None of these are promises, of course – they’re aggregated forecasts – but they illustrate why several banks now see Persimmon as a recovery‑phase cyclical rather than a value trap.


Dividend profile and capital structure

Income investors continue to watch Persimmon closely, given its long history of high payouts.

Dividends

StockInvest’s dividend history shows that in 2025 Persimmon has so far paid: [28]

  • 40p per share (July 2025)
  • 20p per share (November 2025)

Total ordinary dividends of 60p on a share price around 1,300–1,350p equate to a headline yield in the 4.4–4.7% range, broadly matching figures cited by Hargreaves Lansdown. TS2 Tech+1

Management has signalled a focus on sustainable dividends funded from underlying cash flows, rather than the extremely generous special distributions seen pre‑2020, especially while the group is investing heavily in land and outlet expansion. [29]

Share count and dilution

Recent regulatory filings provide clarity on Persimmon’s capital base:

  • As of 30 November 2025, the company had 320,459,736 ordinary shares of 10p in issue and no treasury shares, meaning the total voting rights equal the number of shares outstanding. [30]
  • A block listing interim review covering the period from June to November 2025 shows only modest issuance under employee share schemes: about 4,899 shares via the 2018 SAYE plan and 160,152 shares via the 2017 performance share plan, leaving more than 6.5m shares still unallotted under those schemes. [31]

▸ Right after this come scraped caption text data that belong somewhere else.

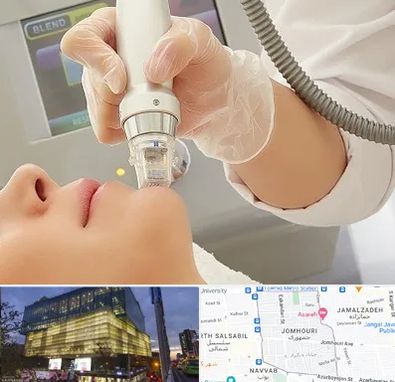 آر اف فرکشنال در جمهوری 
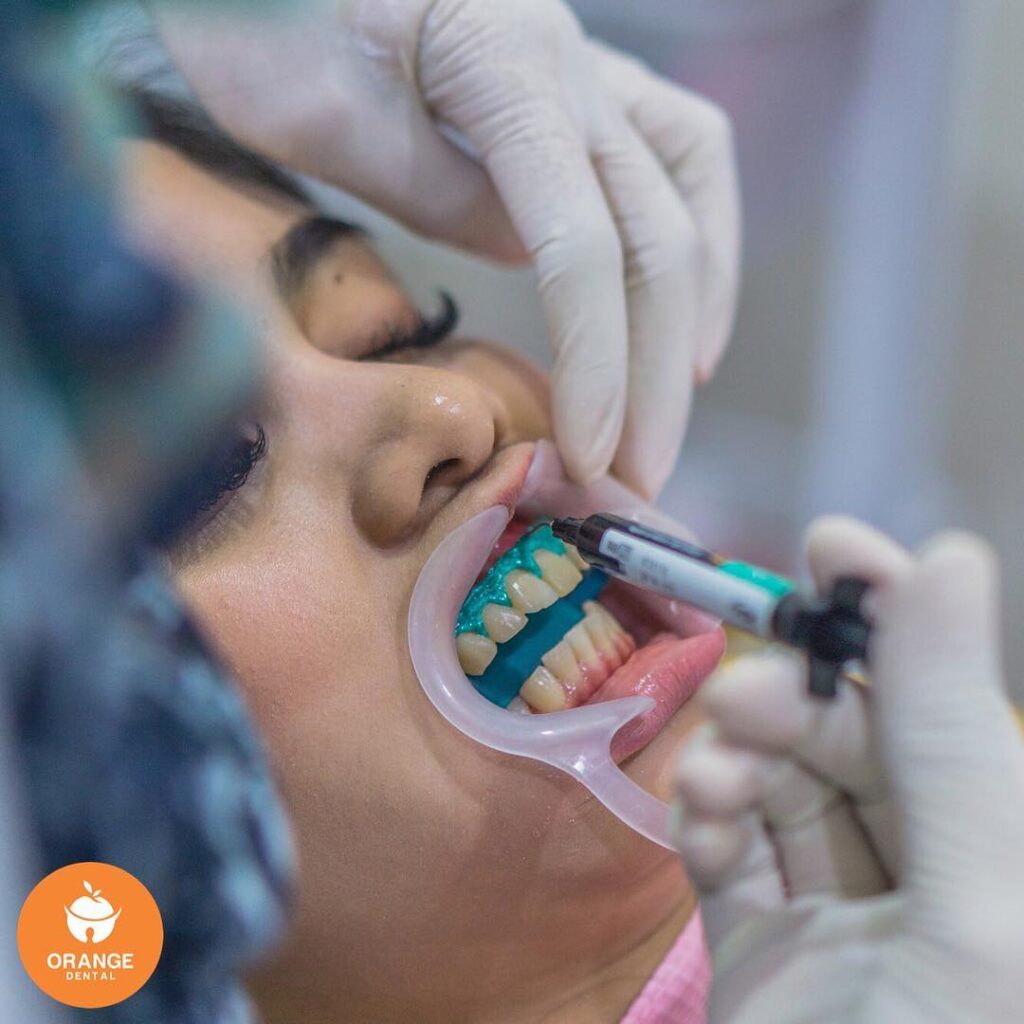 2 Cara Memutihkan Gigi Secara Alami Dan Di Klinik Gigi Pilih Mana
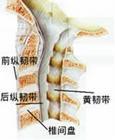 腰椎管狹窄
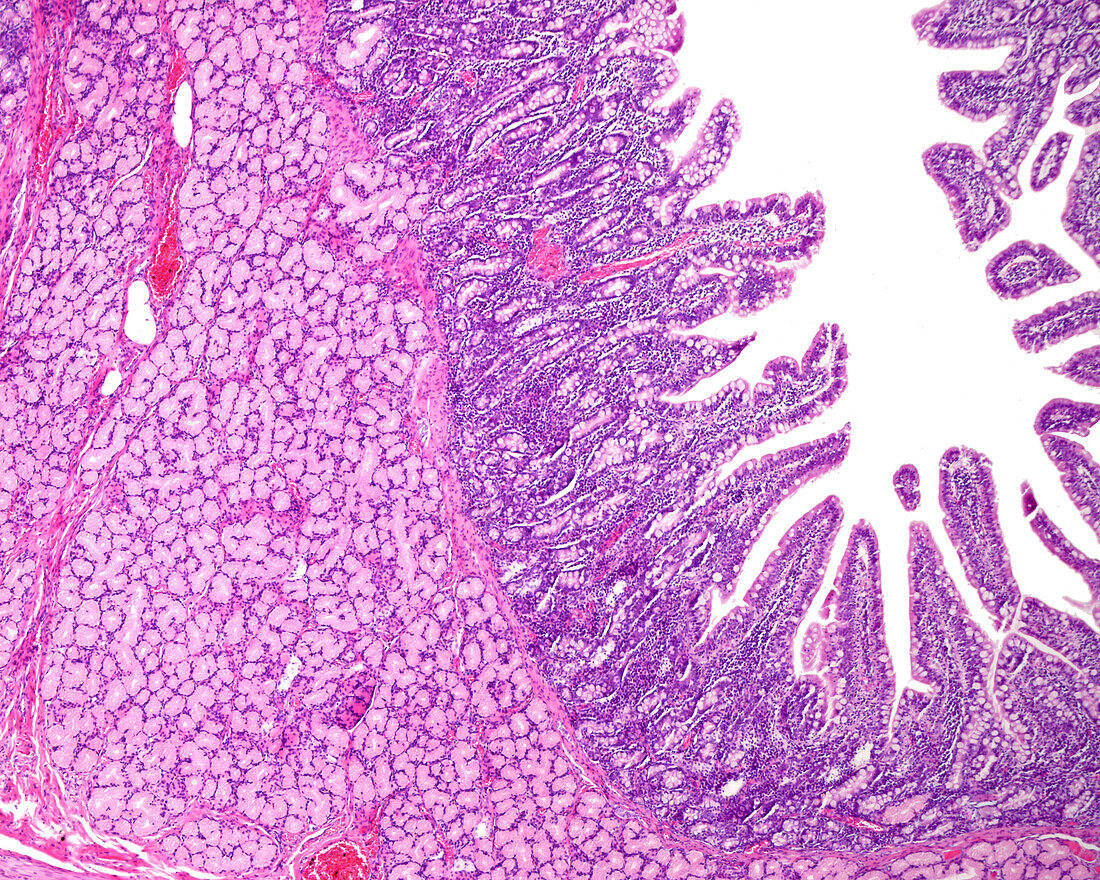 Brunner glands in duodenum, light micrograph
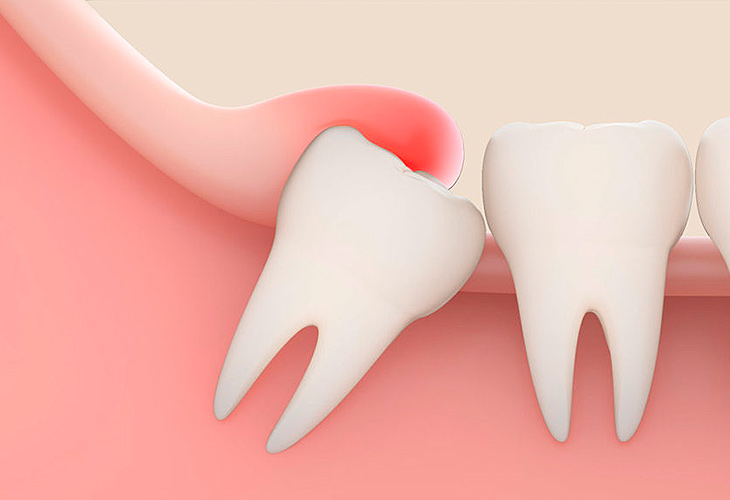 лезет зуб мудрости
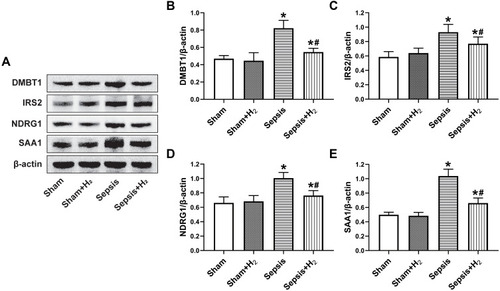 Figure 8 Effects of H2 on the protein expressions of DMBT1, IRS2, NDRG1, and SAA1 in intestinal tissue of septic mice. The intestinal samples were harvested at 24 h after sham or CLP operation. The protein expressions of DMBT1, IRS2, NDRG1, and SAA1 measured by Western blot (A). Quantitative analysis of DMBT1 (B), IRS2 (C), NDRG1 (D), and SAA1 (E) is shown as the ratio of band density to that of β-actin respectively. Results were displayed as mean ± SD (n = 6). *P< 0.05 versus Sham group, #P < 0.05 versus Sepsis group.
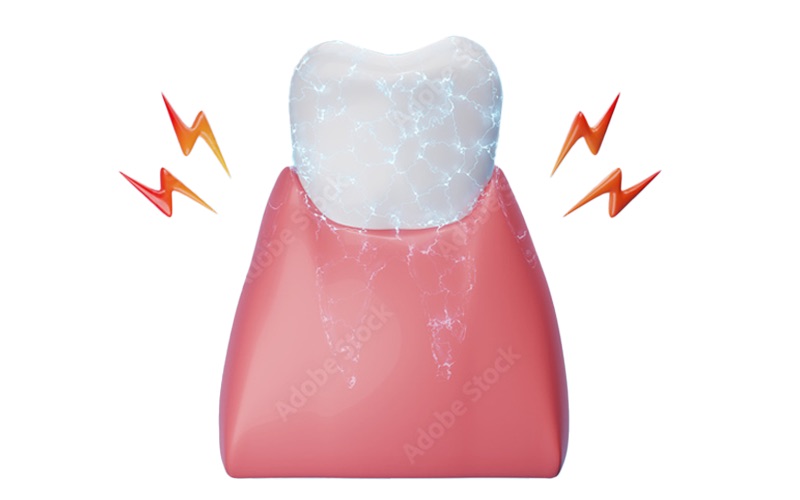 Set3-ToothSensitivity-800x500px-DS-23-May-24 Sensitivity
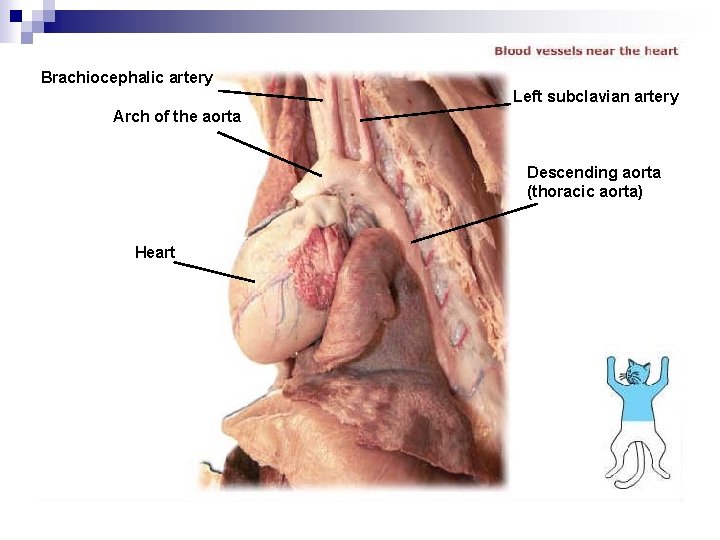 Brachiocephalic artery Left subclavian artery Arch of the aorta Descending aorta (thoracic aorta) Heart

For now, dilution from options appears limited, and the share count is relatively stable.


Valuation and technical picture

Putting the pieces together, how is the market currently valuing Persimmon?

From the late‑November TS² and Hargreaves Lansdown data: TS2 Tech+1

  • P/E ratio: roughly 14x trailing earnings.
  • Dividend yield: about 4.5–5%, assuming ordinary payouts remain around current levels.
  • Shares trade below long‑run valuation averages for the sector and below pre‑2022 multiples, but well above the 2023 troughs.

On the technical side: [32]

  • Price has climbed above the 200‑day moving average (around 1,210p).
  • Short‑term trading tools show resistance in the mid‑1,330s to mid‑1,340s and support a little above 1,300p, with daily moves of 2–3% entirely plausible.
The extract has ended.